UIAAAN: What motivated you to volunteer at the College Art Association? What did you learn from your involvement?

Chitra: I first became academically interested during my M.B.A while choosing to complete the required summer internships at the New Museum of Contemporary Art in New York City, as well as the Krannert Art Museum and the Krannert Center for Performing Arts in Champaign-Urbana. In 1996, I was chosen to create the t-shirt design for distribution to students of the Illinois M.B.A Class of 1997, related to the Summer Olympics held in Atlanta in 1996.   

My membership and involvement in the College Art Association helped me to further my academic interests best when I served three-year terms each in the organization’s Committee for Cultural Diversity and the Committee for Studio Health and Safety Issues (for Practicing Artists). Formal academic exchanges and co-chairing/speaking during some of the CAA’s conferences greatly helped with enhancing my teaching skills in particular.

UIAAAN: What do you consider to be your greatest challenge so far, and have you been able to overcome it?

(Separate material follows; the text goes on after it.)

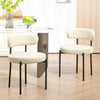 2 Pieces Kitchen Chairs, Modern Dining Chairs w/ Berber Fleece Upholstery and Steel Legs for Living Room, Beige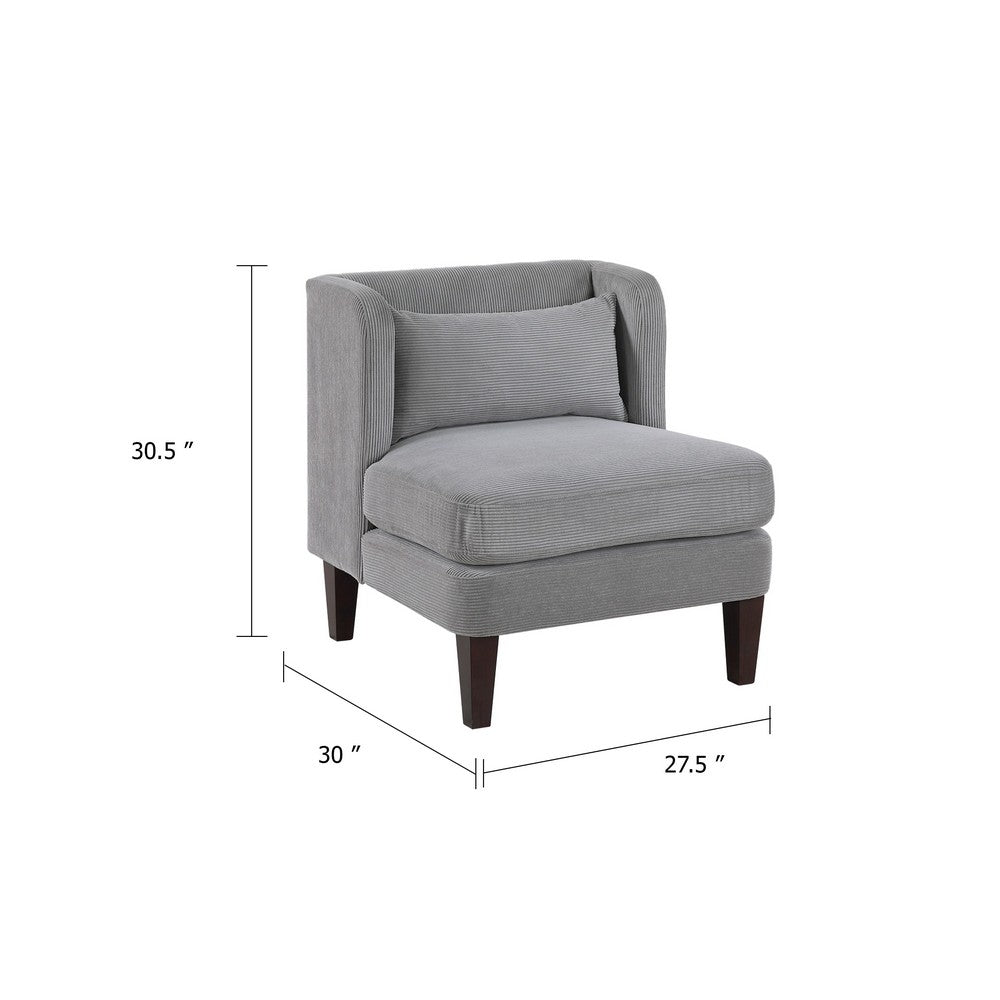 Feya Accent Chair w Pillow | Channeled Dark Gray Corduroy | Brown Legs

Chitra: I am happy to say that my only challenge has been finding extra time to create more work. With many diverse commitments within and outside the art industry, it is truly a constant challenge! To overcome it, I spend long hours beyond normal work schedules to keep up with producing new work. Since 2014, I have also been a professional artist member of the Artists Guild Gallery in Vero Beach, Florida, where my work is shown along with my fellow artists every month.